Singapore Sovereign Wealth Fund GIC to divest Taiwan Shopping Mall in US$450 deal

Wed Dec 26, 2018 - 7:17am GMT+0000


26/12/2018 – Singapore sovereign wealth fund GIC has reportedly cash in on a Taiwanese shopping mall that it acquired a decade ago. According to media reports, the transaction is set to double the asset’s price tag when compared to the price GIC paid in 2008.

Hong Kong-based private equity real estate firm ARCH Capital Management made the acquisition via its subsidiary ARCH Capital Property Advisors on behalf of an unnamed institutional investor, who partnered with Taiwanese investment trust Millerful REIT No.1.

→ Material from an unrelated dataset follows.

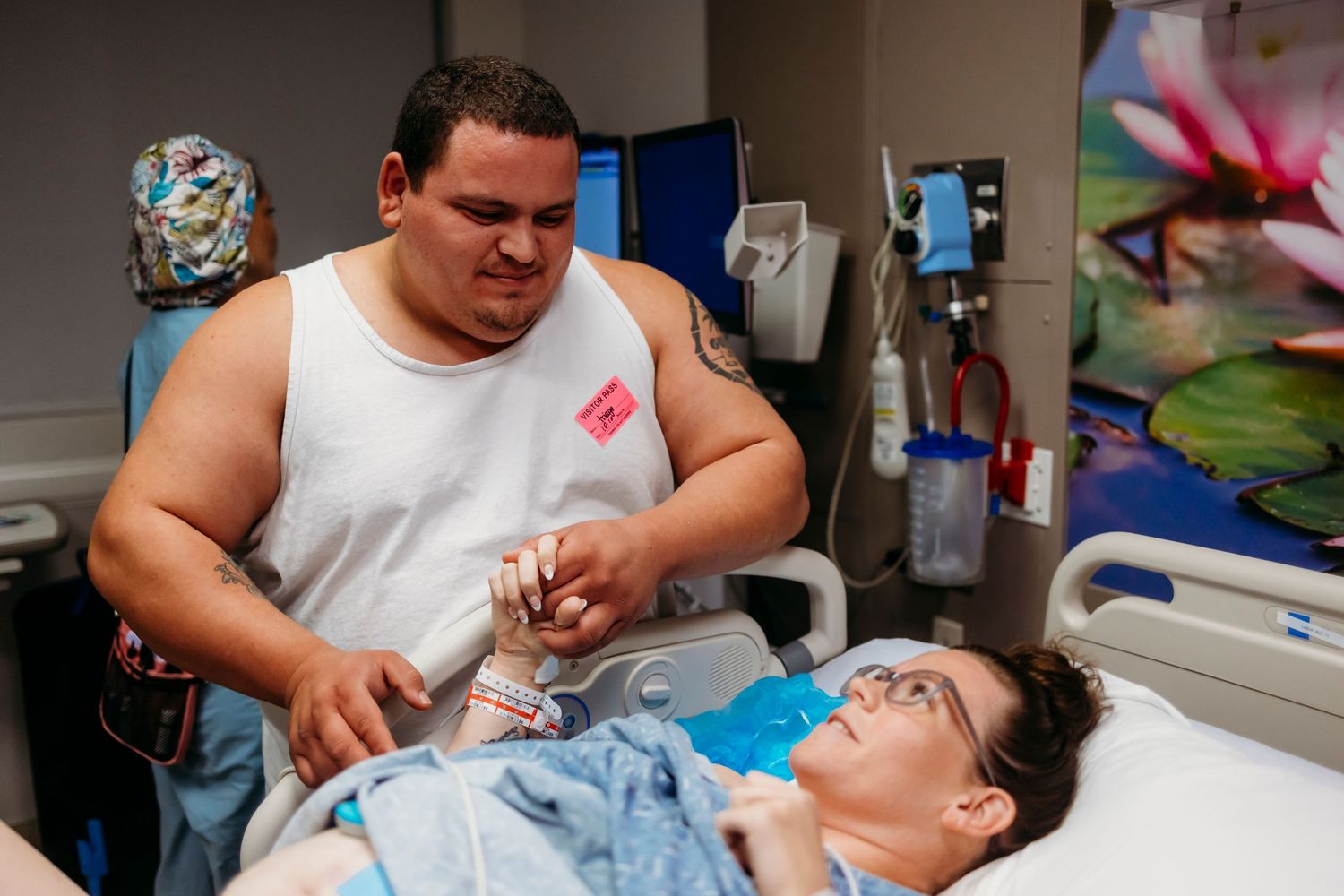 Hospital staff provide patient care while monitoring medical equipment.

Unable to reveal the name of ARCH’s client, the Hong Kong company described it as a pension fund from outside of Asia looking to build a core portfolio in major gateway cities in the region.

The retail center acquired is Taimall, the largest shopping center in the Taoyuan area that has a total gross floor area of around 1000,000 square meters occupying more than 300 retail tenants, on top of holding a theater, an entertainment center, and a small sports complex.

Announcing the deal, ARCH Capital Property’s managing director James Chou said that his company saw in the deal “a rare opportunity to acquire an established premium retail asset offering stable income and sustained revenue growth potential over the longer term.”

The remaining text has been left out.